Segment Start: Supplied information

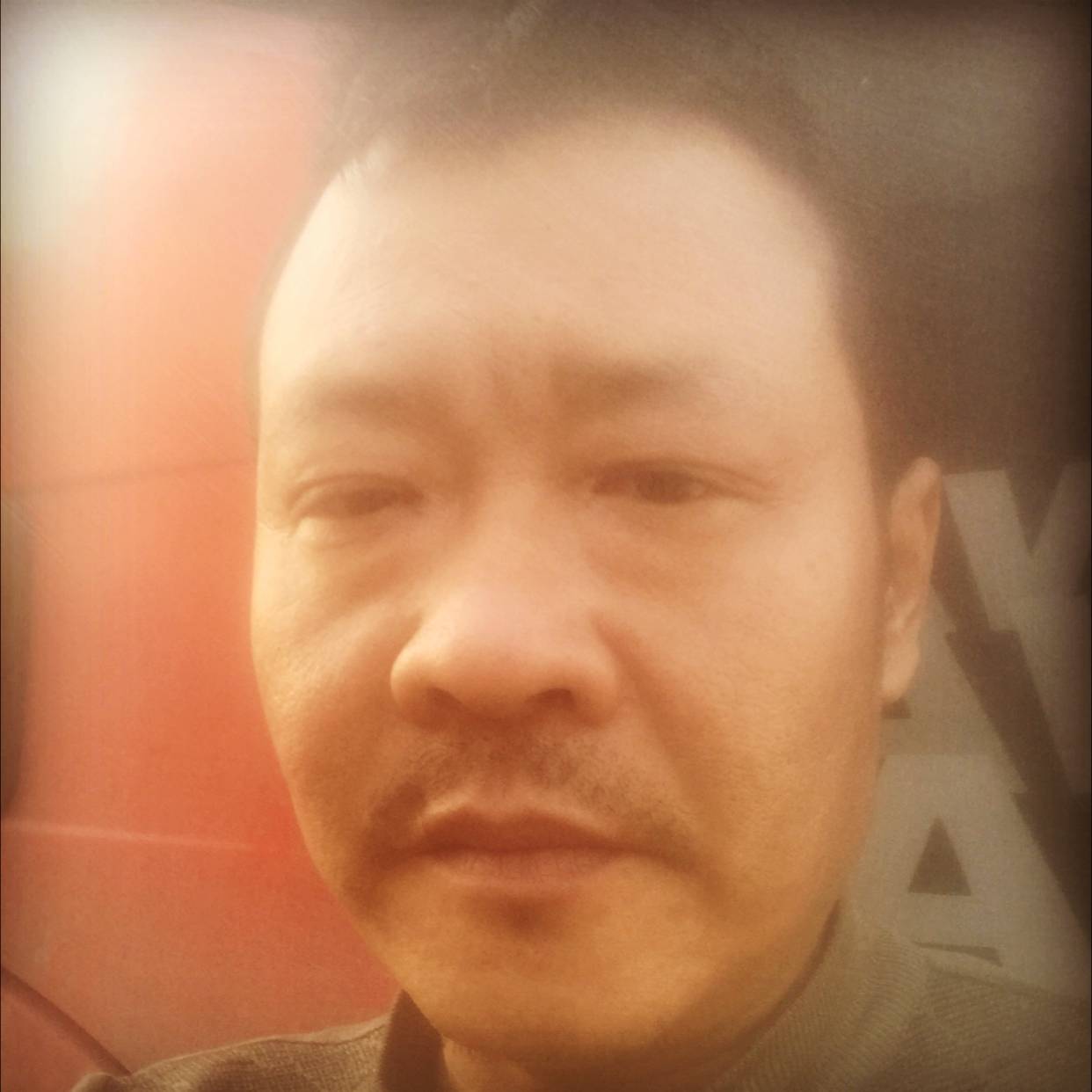 感性等待冬耀的照片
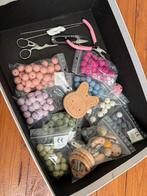 Speenkoord klaren met houten speenclips, Ophalen of Verzenden, Zo goed als nieuw, Overige typen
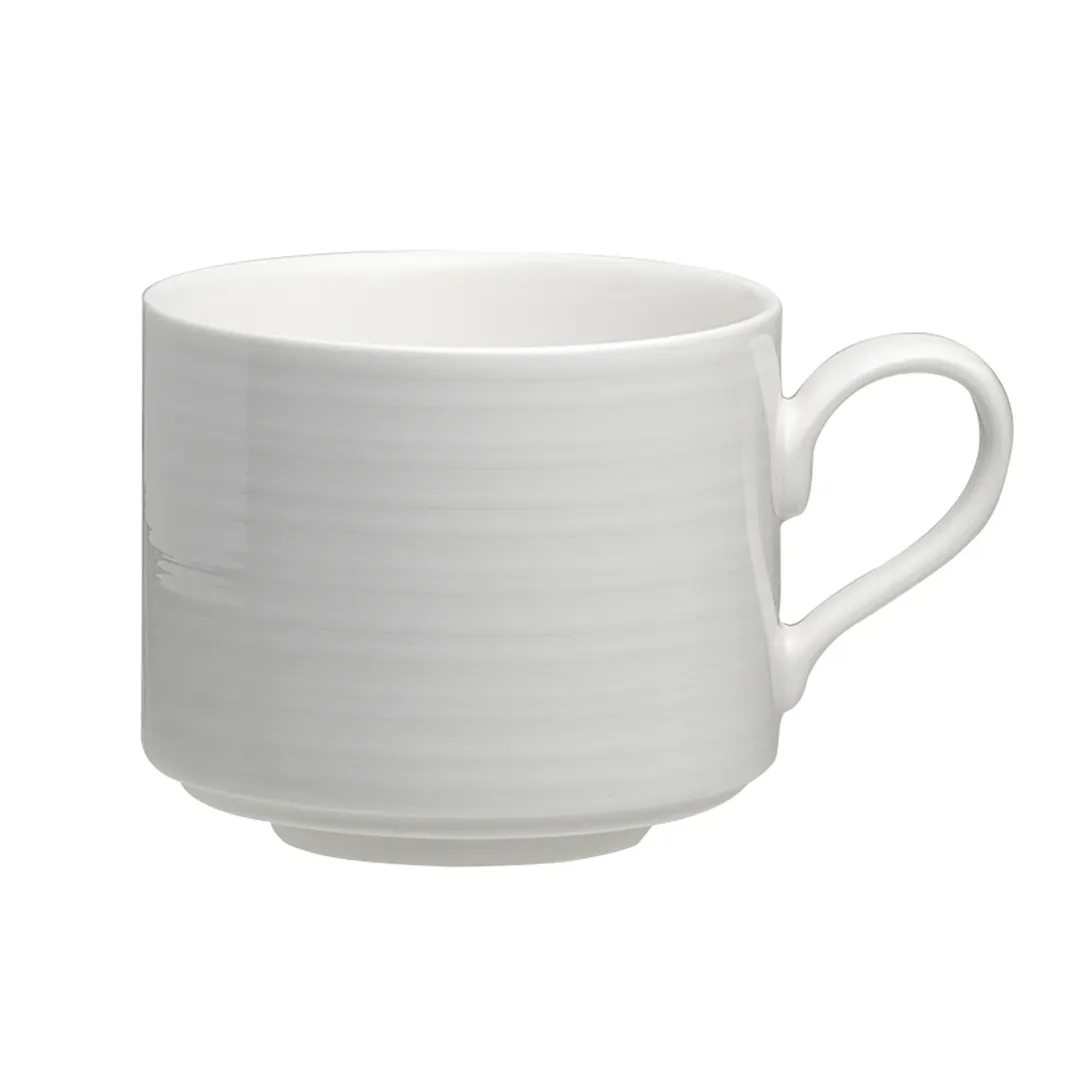 Steelite 62117ST0919 - Stacking Cup, 8.5 oz (4.5" x 2.75") Porcelain, Oven Safe 500°F - 36/Case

Segment End: Supplied information

_The task:_ Reproduce the whole listing above word for word, dropping each image.

_Task response:_
 感性等待冬耀的照片
 Speenkoord klaren met houten speenclips, Ophalen of Verzenden, Zo goed als nieuw, Overige typen
 Steelite 62117ST0919 - Stacking Cup, 8.5 oz (4.5" x 2.75") Porcelain, Oven Safe 500°F - 36/Case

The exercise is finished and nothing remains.